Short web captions

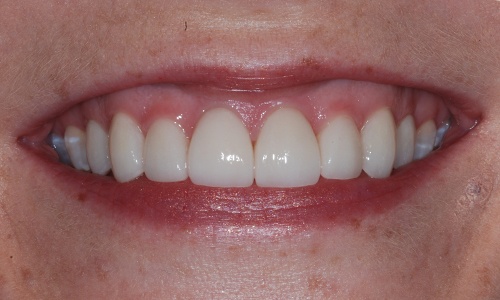 Flawless smile with custom porcelain veneers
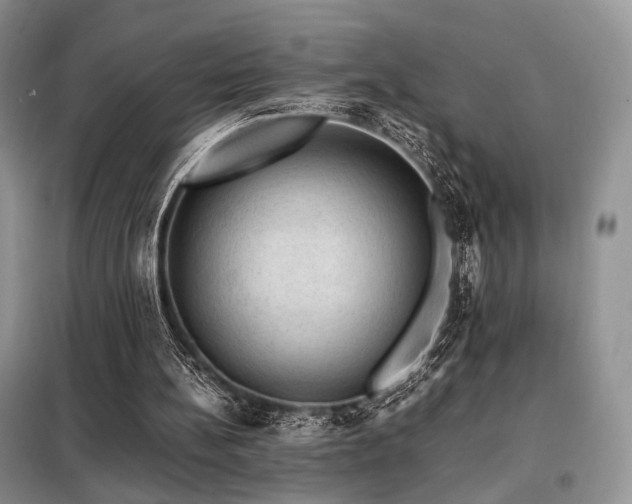 X0000099290148200805021239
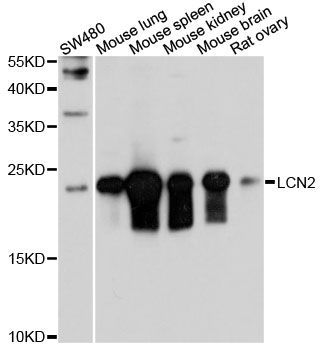 Western blot - LCN2 Polyclonal Antibody (144-61357)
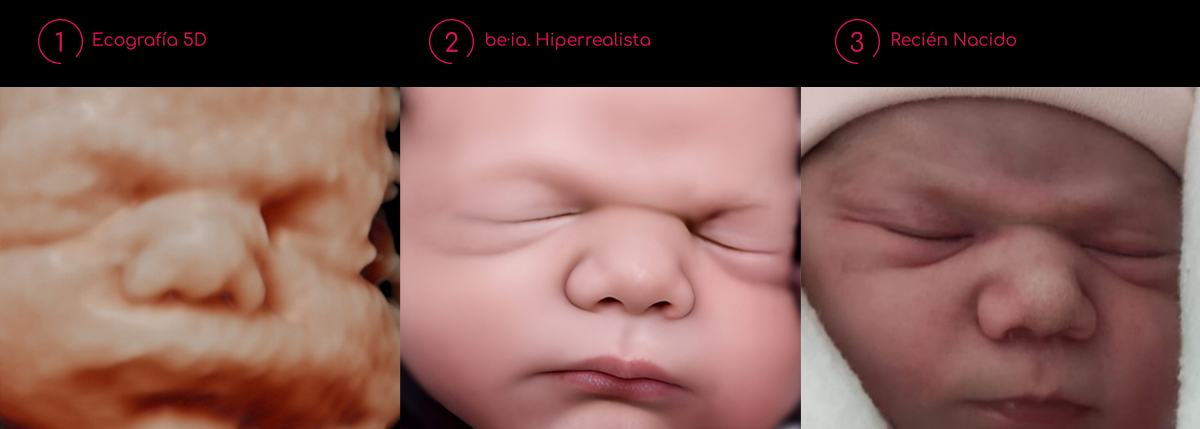 ecografia hiperrealista be·ia con recién nacido 1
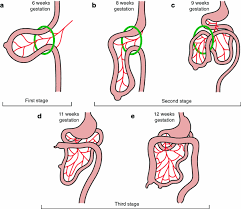 Image result for Intestinal Malrotation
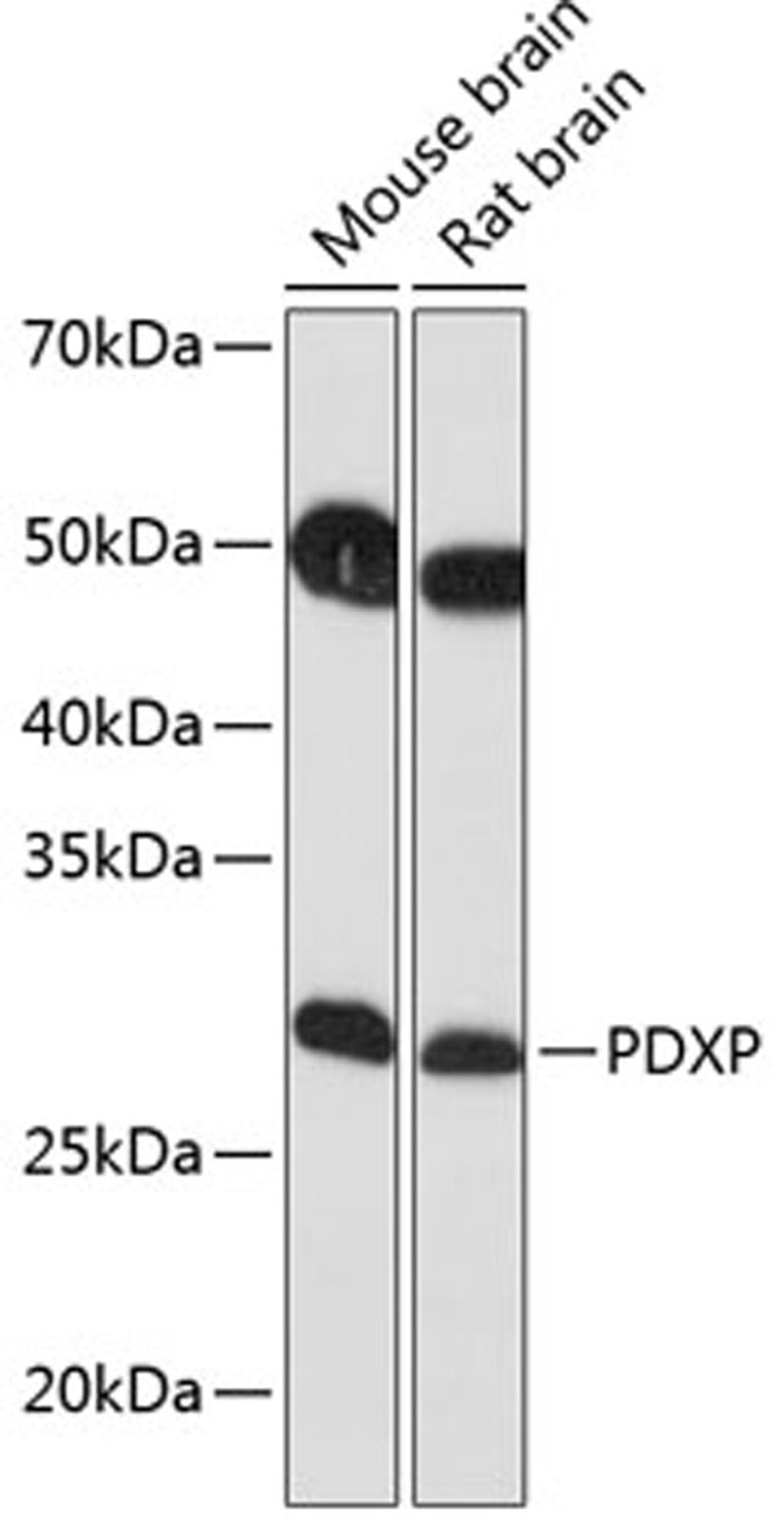 Western blot - PDXP Polyclonal Antibody (A17455)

What needs to be done
In your copy of the entries above, leave out the pictures and keep every word exact.

Your response
 Flawless smile with custom porcelain veneers
 X0000099290148200805021239
 Western blot - LCN2 Polyclonal Antibody (144-61357)
 ecografia hiperrealista be·ia con recién nacido 1
 Image result for Intestinal Malrotation
 Western blot - PDXP Polyclonal Antibody (A17455)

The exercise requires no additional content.